Finding the culprit:
While it is easy to blame polarization, the distance between the parties does not explain the death of the budget process. Partisan polarization is often the prime suspect in the demise of “regular” congressional processes, from committee protocols, to open floor amendments, and (quite possibly soon) the filibuster. But the budget process is different; it requires no minority input. The minority party cannot stop a concurrent budget resolution in the House or filibuster it in the Senate. It is majority-only legislation. In theory, polarization should actually make it easier to pass these measures. The more unified the party, the easier it is to marshal their members to action.
But that is not what has happened the last ten years.
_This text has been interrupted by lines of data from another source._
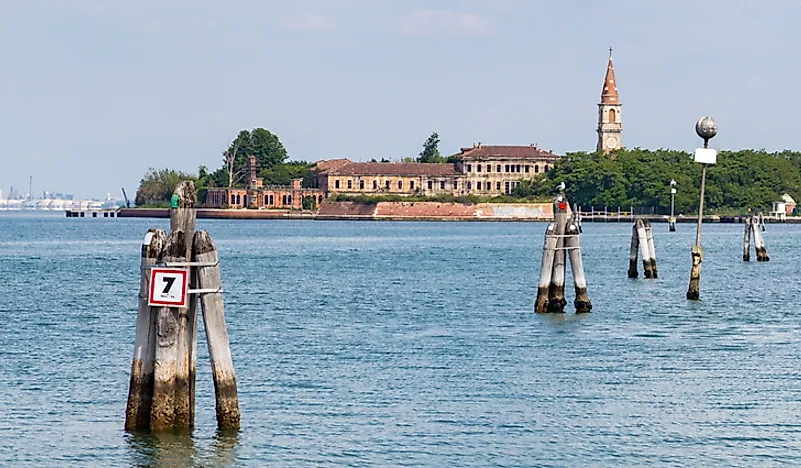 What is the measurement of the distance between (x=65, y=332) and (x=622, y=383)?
13.2 metres

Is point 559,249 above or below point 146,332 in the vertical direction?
above

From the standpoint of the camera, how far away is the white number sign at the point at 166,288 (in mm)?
17562

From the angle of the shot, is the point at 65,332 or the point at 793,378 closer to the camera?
the point at 793,378

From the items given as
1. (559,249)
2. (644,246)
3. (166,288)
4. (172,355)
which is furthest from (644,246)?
(166,288)

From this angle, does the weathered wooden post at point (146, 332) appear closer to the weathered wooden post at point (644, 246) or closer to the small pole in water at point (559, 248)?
the small pole in water at point (559, 248)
Instead, today the most unified majorities in congressional history (according to roll call votes) cannot agree on their budget visions or priorities. Rather than expose divisions between moderates and more ideologically-extreme factions in committee or on the floor, party leaders abandon the process before it even begins. As a result, the budget committees and chairs – Rep. John Yarmuth (D-KY) and Sen. Bernie Sanders (D-VT) – have little to nothing to actually do. They, like the rest of the government, wait for the budget numbers to be handed to them. While party leaders have secured themselves an even more influential role over legislative negotiations, routine governing is ignored, oversight wanes, and member inclusion erodes. And unfortunately, there is no sign either the budget or appropriations processes will be revived any time soon.